Rick Wendell was a hard-charging, hair down to his neck, womanizing owner of a quite successful construction company. He had been raised a Catholic but had stopped attending Mass after high school. At the age of 30 he cut his neck while working on a home landscaping project. He went to the hospital to receive stitches. As he was leaving the hospital, he suffered an allergic reaction to the anesthesia they had used for the procedure. He went into cardiac arrest.
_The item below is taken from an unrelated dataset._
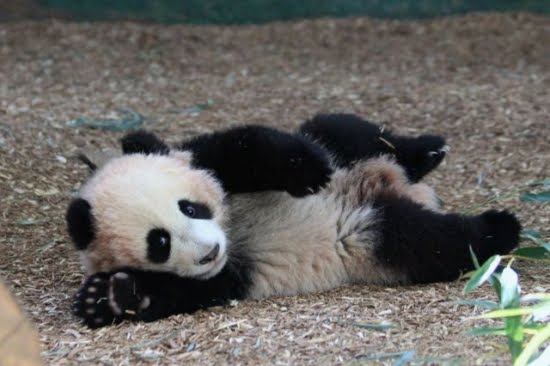 cute baby animals, baby animals, baby animal pictures, adorable baby animal pictures, cute baby panda, baby panda pictures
The doctors tried to revive him with every possible means, to no avail. It looked like he was not going to make it.
Insight into Heaven
While all this was going on Rick suddenly say a beautiful light, one that attracted him strongly. He was compelled to move toward it. He knew he was in the presence of God. He was sure. He wrote later that the deepest aspect of his experience was knowing God is love. He had never known he could be loved that way, with a love so pure, so flawless, so strong, so delightful that “nothing else mattered”... He was in the presence of a love so deep that he cared about nothing else. Nothing else was needed. He wrote, “This Love was absolutely fulfilling in every way, a love that I had always looked for but never found, a love one would never want to be separated from. I was created to love and to be loved because God is Love. This fundamental truth is written into every human heart. Everyone knows what it feels like not to have that place fulfilled, and we will try and fill it with anything that even masquerades as love but isn’t. But there is a place in our hearts, a throne, really, that only this Love can fulfill. I never comprehended such a perfect love until I was immersed in it. In God’s presence, I wanted only to be loved by him and to love him in return.”[1]
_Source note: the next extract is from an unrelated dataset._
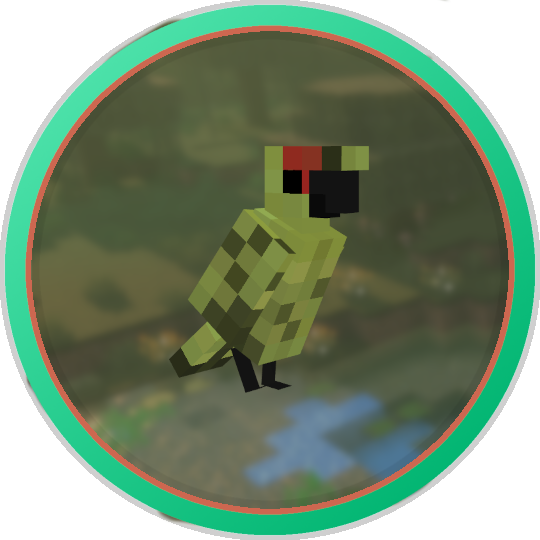swamp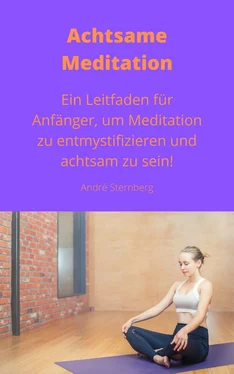 André Sternberg Achtsame Meditation обложка книги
Rick was clinically dead for two and a half hours. Then he came back. There was no damage to his body. The doctors were amazed.
Insight into Hell
Rick Wendell not only experienced heaven, but hell too:
A paralyzing terror ripped through my being, causing my heart rate to skyrocket and my blood pressure to shoot up. It was a fear like I’d never known. For a fleeting moment I experienced the complete abandonment and separation from God and others, without the hope of ever being reunited. I was going to be cast out into a lonely, solitary confinement forever because through my thoughts, words and actions I chose hell without consciously knowing I had. I would not wish this experience on my worst enemy.
[1]Christine Watkins and Fr. Bob Garon, Of Men and Mary, (Queen of Peace Media, 2018), 34.